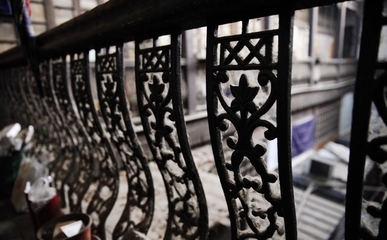 北京前门西河沿街的民国记忆 中原证券交易所旧址与铁艺风华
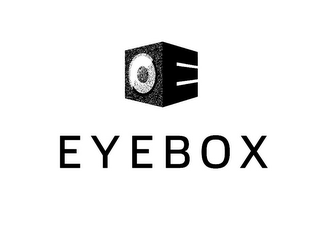 E EYEBOX logo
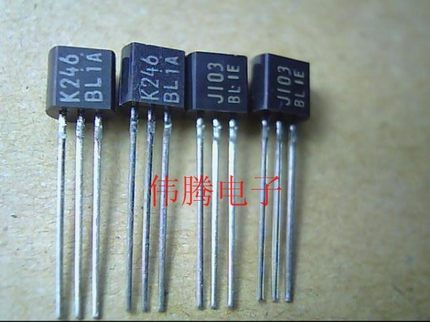 原装全新 发烧对管 2SK246-BL 2SJ103-BL 一对2.8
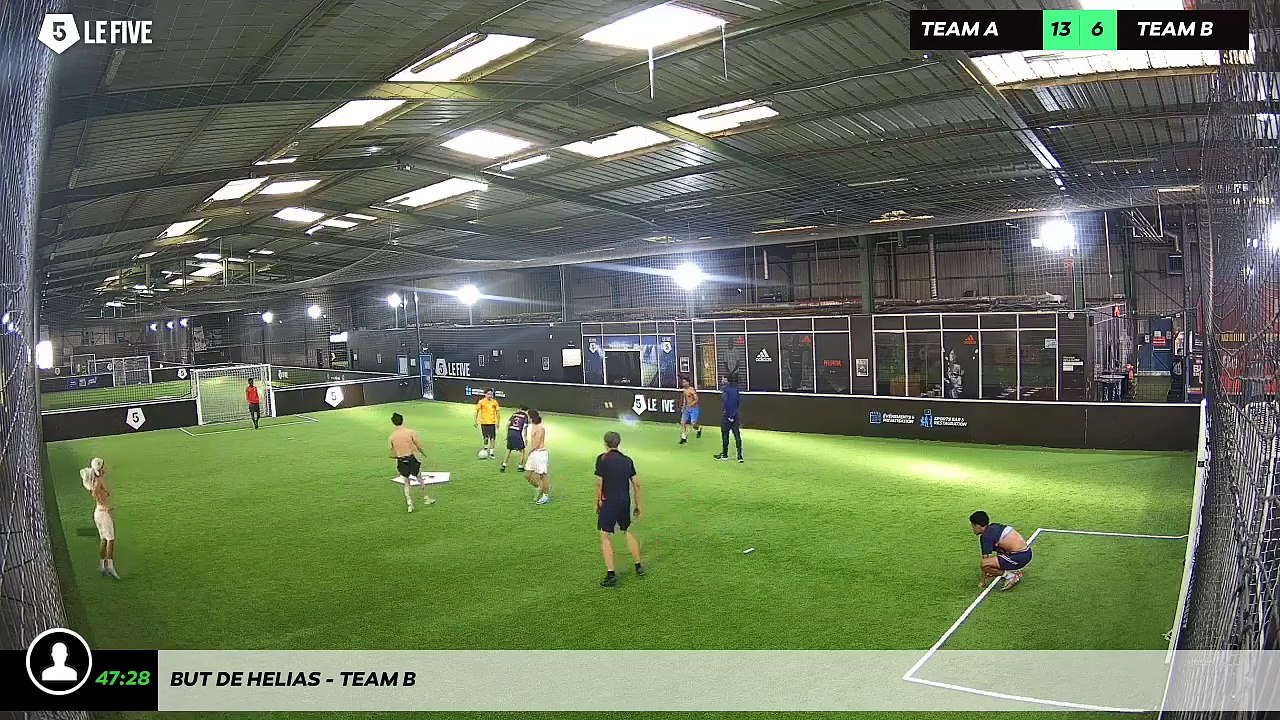 But de Helias - Team B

◇ ◇ ◇ ◇ ◇ ◇ ◇

▶ **Exercise brief**:
Copy all the material exactly; omit images.

▶ **Output of the exercise**:
 北京前门西河沿街的民国记忆 中原证券交易所旧址与铁艺风华
 E EYEBOX logo
 原装全新 发烧对管 2SK246-BL 2SJ103-BL 一对2.8
 But de Helias - Team B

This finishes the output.